Gotta pay the bills —

Looming Twitter interest payment leaves Musk with unpalatable options

Purchased for $44 billion, company is likely worth as little as $15 billion today.

picture of elon musk, twitter logo, and money
Enlarge / Elon Musk’s personal equity investment in Twitter of about $26bn would be effectively wiped out in the event of a bankruptcy.
FT Montage/Bloomberg

The bill for Elon Musk’s purchase of Twitter is coming due, with the billionaire facing unpalatable options on the company’s enormous debt pile, ranging from bankruptcy proceedings to another costly sale of Tesla shares.

Three people close to the entrepreneur’s buyout of Twitter said the first installment of interest payments related to $13 billion of debt he used to fund the takeover could be due as soon as the end of January. That debt means the company must pay about $1.5 billion in annual interest payments.
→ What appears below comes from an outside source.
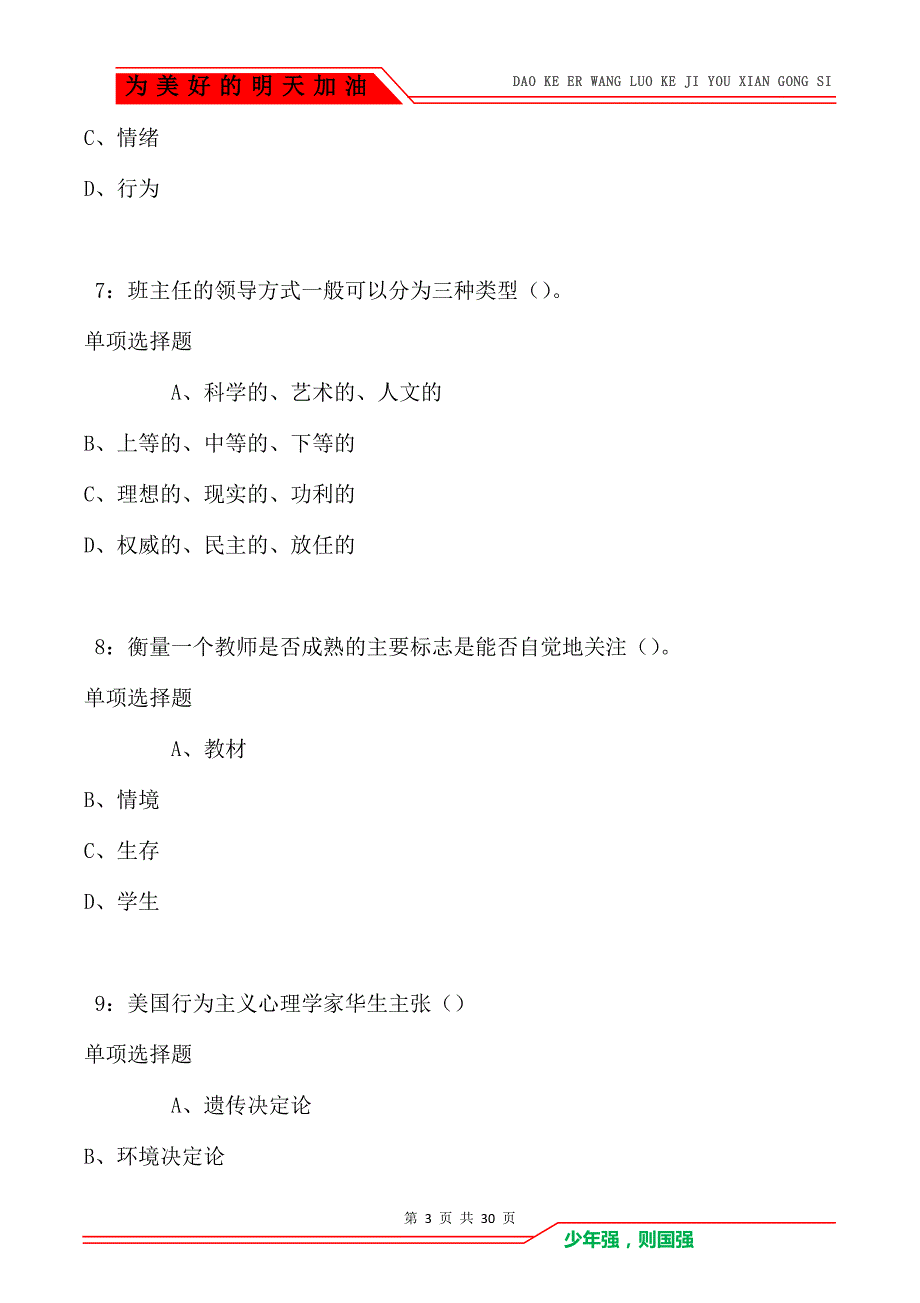 钟楼2021年中学教师招聘考试真题及答案解析_第3页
The Tesla and SpaceX chief financed his $44 billion deal to take Twitter private in October by securing the huge debt from a syndicate of banks led by Morgan Stanley, Bank of America, Barclays, and Mitsubishi. The $13 billion debt is held by Twitter at a corporate level, with no personal guarantee by Musk.

Since the takeover, Musk has raced to cut costs, such as firing half the company’s staff, while seeking new revenue streams, such as launching its Twitter Blue subscription service.

The company’s dire finances—it made a loss of $221 million in 2021 before the acquisition and Musk has said revenues have declined since—have led the new owner to regularly raise the prospect that the company could crash into bankruptcy.

How Musk deals with the looming interest payment is a crucial test of his leadership of Twitter, which has so far been marked by chaotic management that has alienated its corporate advertisers.

“This company is like you’re in a plane that is headed towards the ground at high speed with the engines on fire and the controls don’t work,” Musk said last month.

If Twitter did not make its first interest payment, it would join a small but notorious club of companies dubbed “NCAA” by debt traders—short for “no coupon at all”—that includes US car rental company Hertz and German payments group Wirecard.

Financial Times

Such a default on its debt would probably result in Twitter’s management filing for bankruptcy, at which point the US courts would begin an expensive and bureaucratic debt restructuring process.

Musk could avoid this fate by settling the interest from Twitter’s dwindling cash reserves or selling more equity in the company to fund the payments—both painful options. The business has a cash position of about $1 billion, Musk has said. He has also warned that its net cash outflow could be about $6 billion next year without additional cost-saving measures.